Forth Ports, the Scottish ports-to-property business, yesterday unveiled a 38% surge in underlying pre-tax profit and said it had deferred almost 70% of its spending on property development because of the downturn in the market.
Forth Ports, the Scottish ports-to-property business, yesterday unveiled a 38% surge in underlying pre-tax profit and said it had deferred almost 70% of its spending on property development because of the downturn in the market.
However, Charles Hammond, Forth's chief executive, said he "didn't believe it will have a any impact" on the regeneration of the Edinburgh waterfront, the company's main project, at which nearly 16,000 homes are planned over the next 30 years.
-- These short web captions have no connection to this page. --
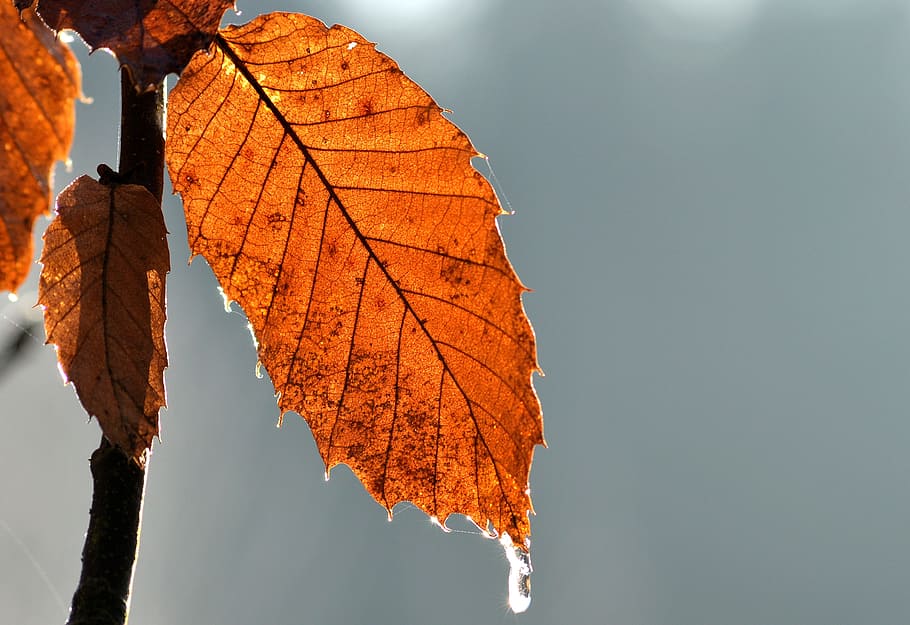 leaf, winter, ice, tree, autumn, leaves, fall, forest, nature HD wallpaper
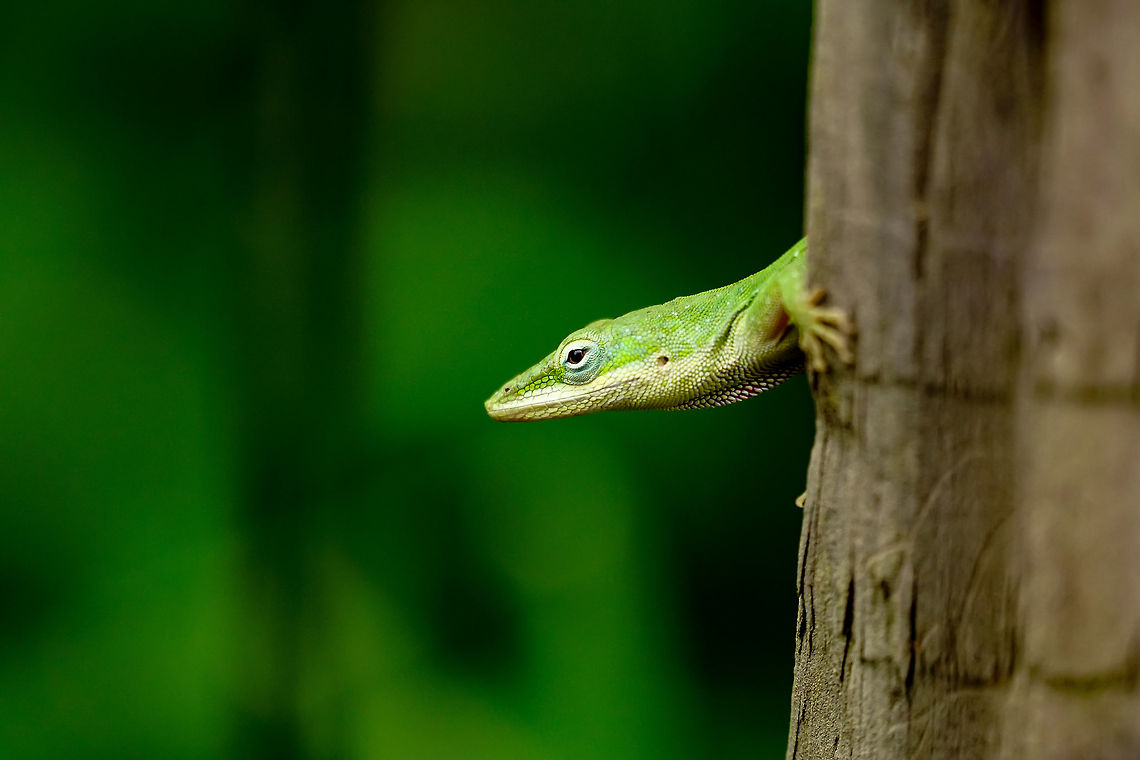 Green anole (Anolis carolinensis)  Animal,Anole,Anolis,Anolis carolinensis,Carolina Anole,Carolina anole,Dactyloidae,Florida,Geotagged,Green Anole,Lake Apopka,Lizard,Nature,Oakland Nature Preserve,Orlando,Reptile,Scaled Reptile,Squamata,United States,United States of America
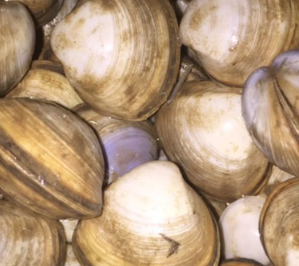 微信截圖_20210615114305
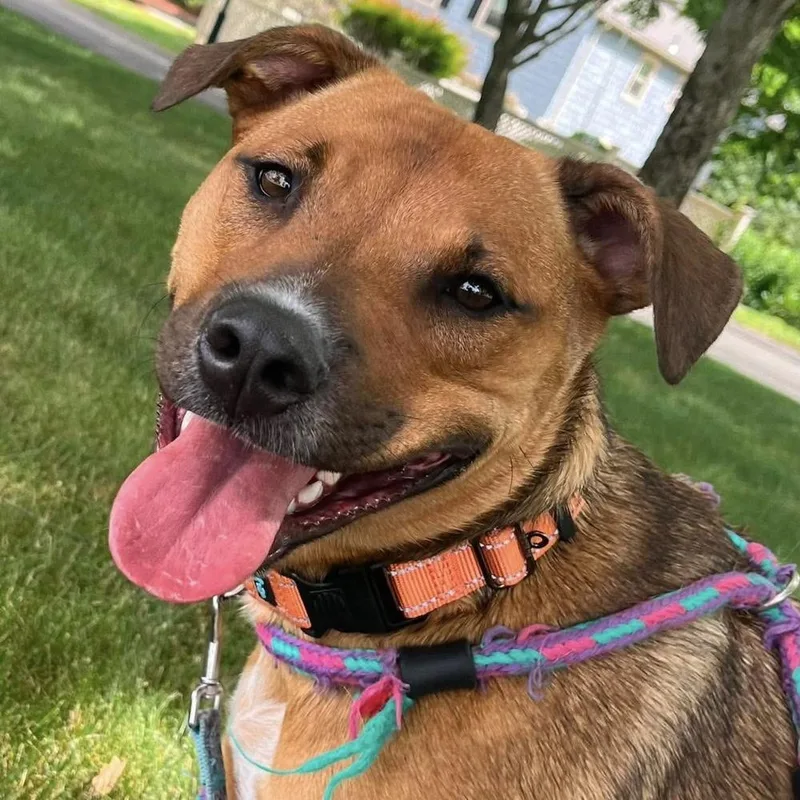 A young medium-sized female Mixed Breed dog named Patches for adoption in Groveland, MA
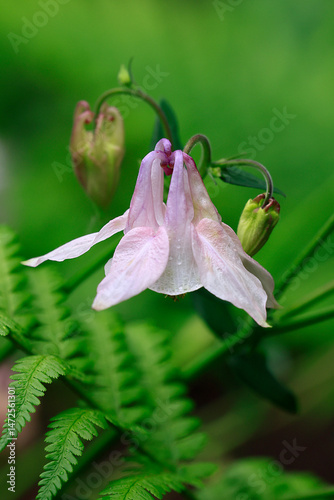 Eine zartrosa Blüte einer Akelei, Aquilegia vulgaris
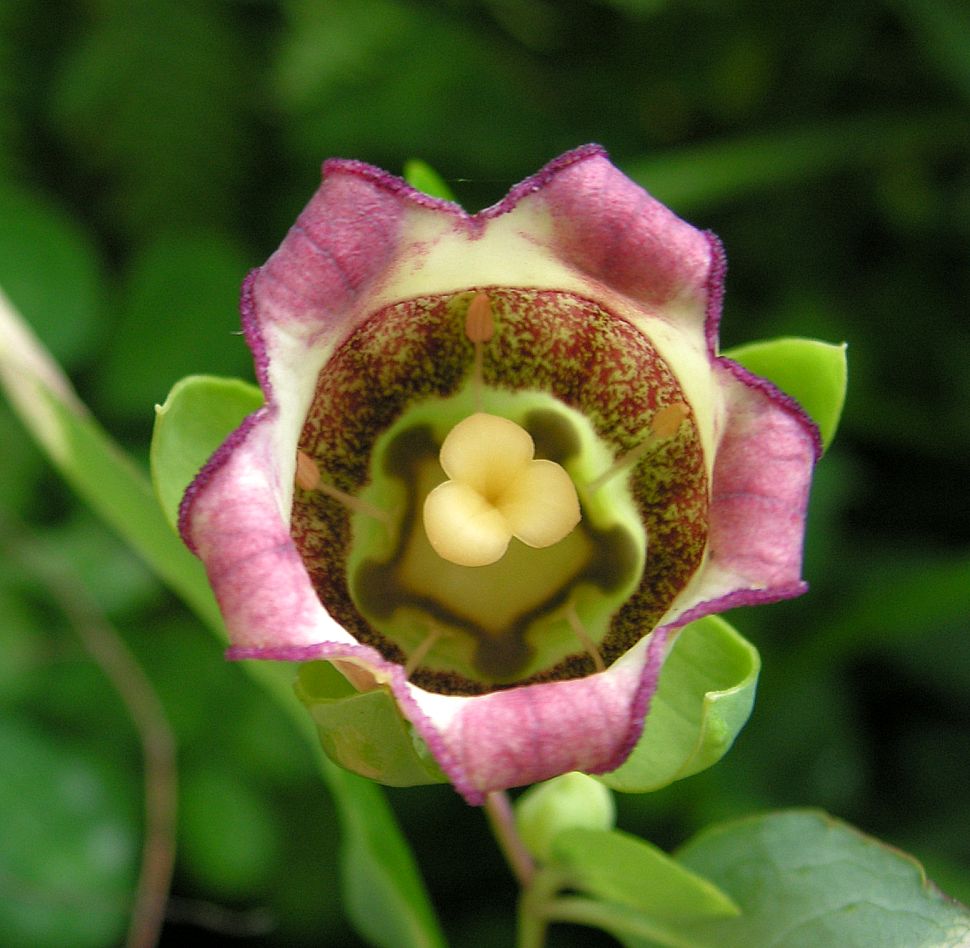 Image of Codonopsis lanceolata specimen.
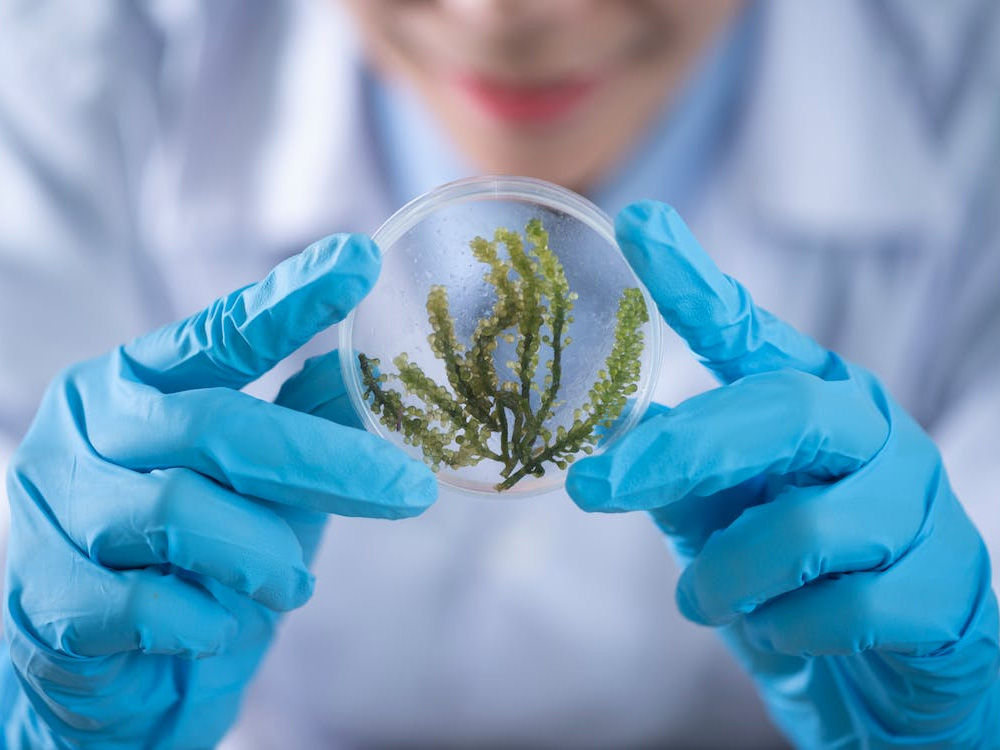 生物科技.jpg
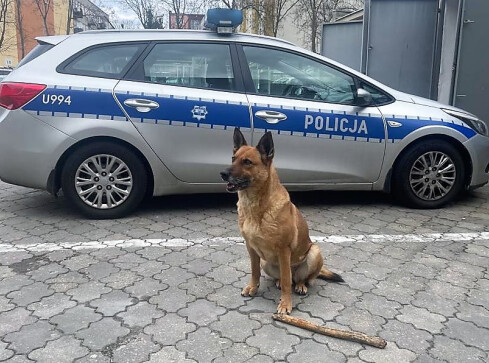 Suczka Irena przechodzi na emeryturę - grafika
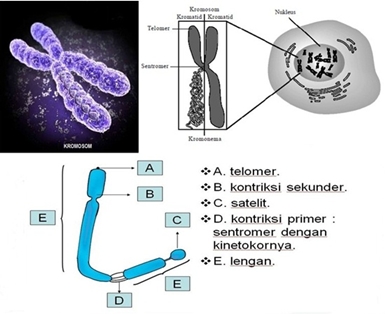 Detail Gambar Kromosom Dan Keterangannya Nomer 36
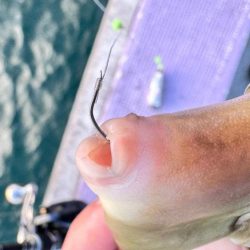 カワハギ/カワハギ仕掛け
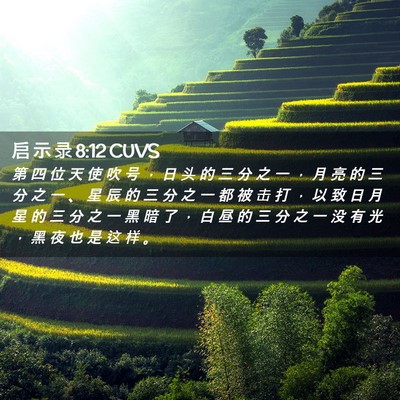 Picture 02 - 启 示 录 8:12 CUVS - 第 四 位 天 使 吹 号 ， 日 头 的 三 - Bible Verse Picture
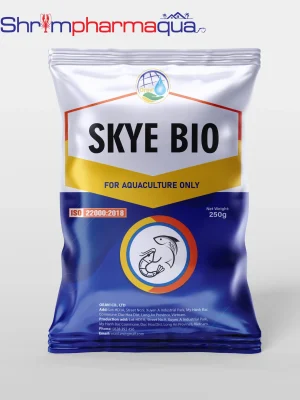 Men vi sinh làm sạch nước, đáy ao chuyên dùng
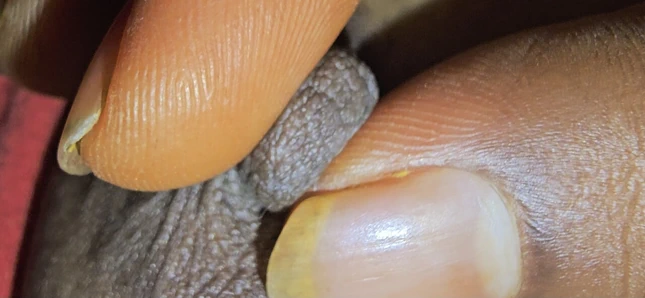 Lisha yengenin seksi götü ve amcığı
Under the plan, nine so-called urban villages will be created, with the first to be placed beside Ocean Terminal. Along with housing, the new community will feature a range of leisure, retail and commercial developments - all of which is expected to attract some £6bn worth of private investment.
Hammond yesterday said: "It's not a short-term project, it's 25 to 30 years, so the current downturn does not give us cause for concern."
He said Forth had deferred between 60% to 70% of its property infrastructure spending because of the market downturn, and that it has delayed around £40m of spending on projects until at least 2010.
Hammond said: "This is not a cancellation, but simply a savvy business decision. We will still spend £10m a year.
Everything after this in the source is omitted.